*** INFORMATION SUPPLIED

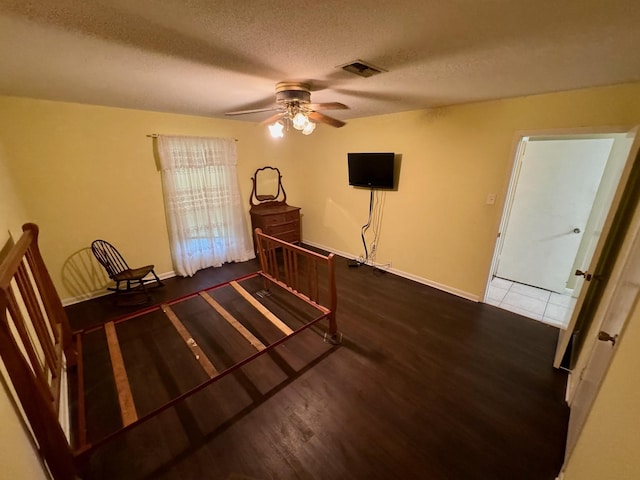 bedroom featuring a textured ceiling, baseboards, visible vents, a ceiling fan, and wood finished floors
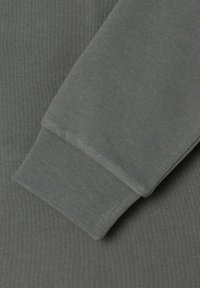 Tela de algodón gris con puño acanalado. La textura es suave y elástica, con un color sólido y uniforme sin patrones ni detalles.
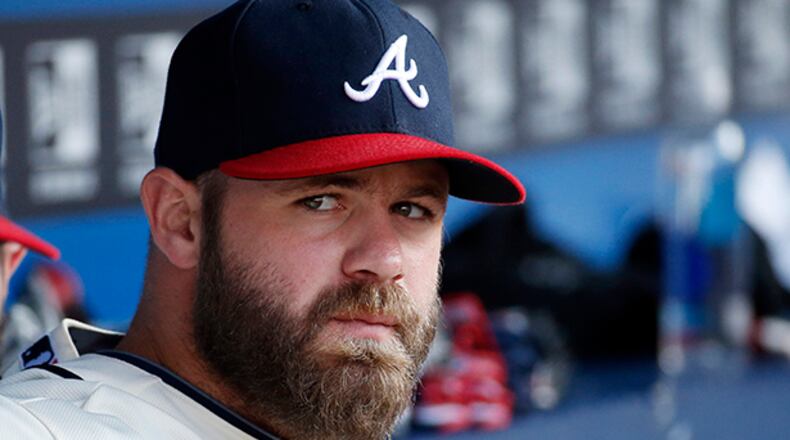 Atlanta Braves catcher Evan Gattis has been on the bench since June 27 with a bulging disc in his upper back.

******

WORK TASK:
Your response must reproduce the listing above word for word and must contain none of its pictures.

FINISHED TASK:
 bedroom featuring a textured ceiling, baseboards, visible vents, a ceiling fan, and wood finished floors
 Tela de algodón gris con puño acanalado. La textura es suave y elástica, con un color sólido y uniforme sin patrones ni detalles.
 Atlanta Braves catcher Evan Gattis has been on the bench since June 27 with a bulging disc in his upper back.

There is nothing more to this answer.